Feds: Oklahoma Medical Marijuana Users Can’t Possess Guns
OKLAHOMA CITY (AP) — Federal officials say Oklahoma residents with medical marijuana cards will be prohibited from obtaining gun permits, following a recent decision by voters to approve the medical use of the drug.
State residents voted in favor of the marijuana measure Tuesday (June 26). The move puts Oklahoma gun owners in a conflict 25 other states are facing between state and federal laws governing guns and marijuana.
Federal law says it’s illegal to possess both a gun and marijuana. It’s part of the 1993 Brady Act, which amended the Gun Control Act of 1968 to reference provisions of the Controlled Substances Act.

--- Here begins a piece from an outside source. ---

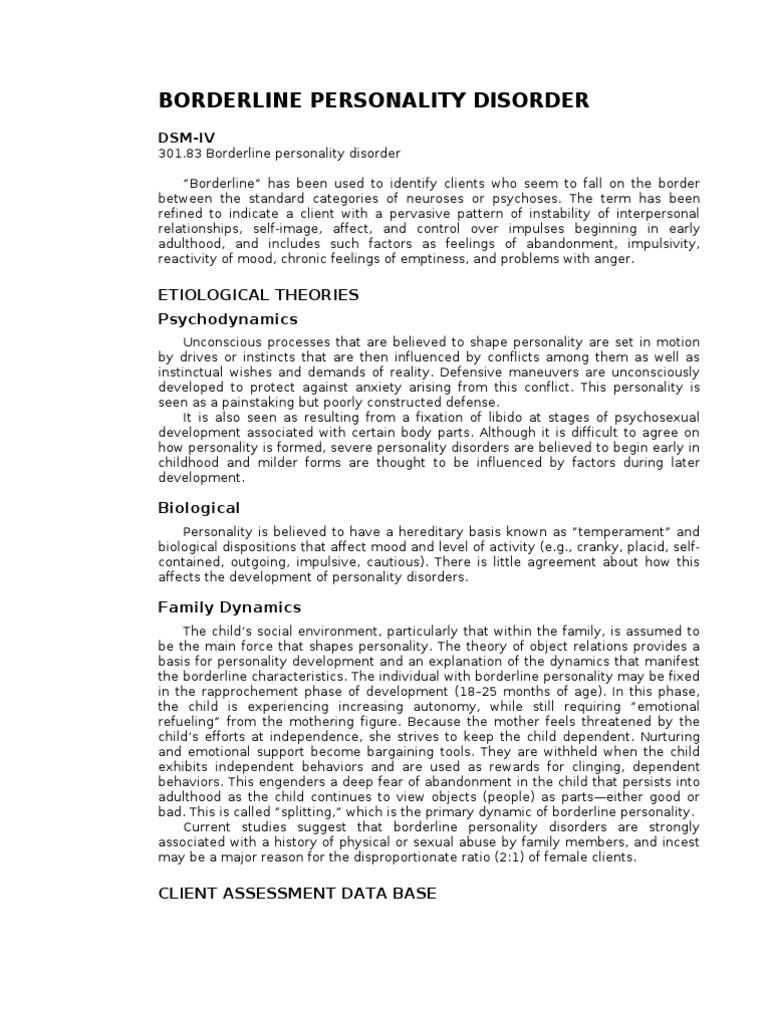 Borderline Personality Disorder | PDF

Two U.S. Senators, Republican Cory Gardner of Colorado and Democratic Elizabeth Warren of Massachusetts, have introduced a bill that would protect states that have legalized marijuana from federal interference.
Don Spencer is the president of the Oklahoma 2nd Amendment Association. He said state gun owners who need marijuana for treatment should be allowed to possess both.
“Personally I think a person that is peaceful in their own home, if they have a medical prescription and own a firearm, and whether it’s alcohol or prescription drugs, I don’t think that there should be any repercussions from that,” he said.
The association will be looking into the issues and the enactment of the medical marijuana law, Spencer said.
“Part of what we’ll be talking about is what other states have done,” he said. “If there is an existing suit we can dogpile on top of, that’s a possibility.”
Spencer said he doesn’t recommend filing a suit at this time.
The federal Bureau of Alcohol, Tobacco, Firearms and Explosives recommends those who may consider obtaining a marijuana card to contact legal counsel or the agency for guidance on how to legally transfer, sell or dispose of firearms.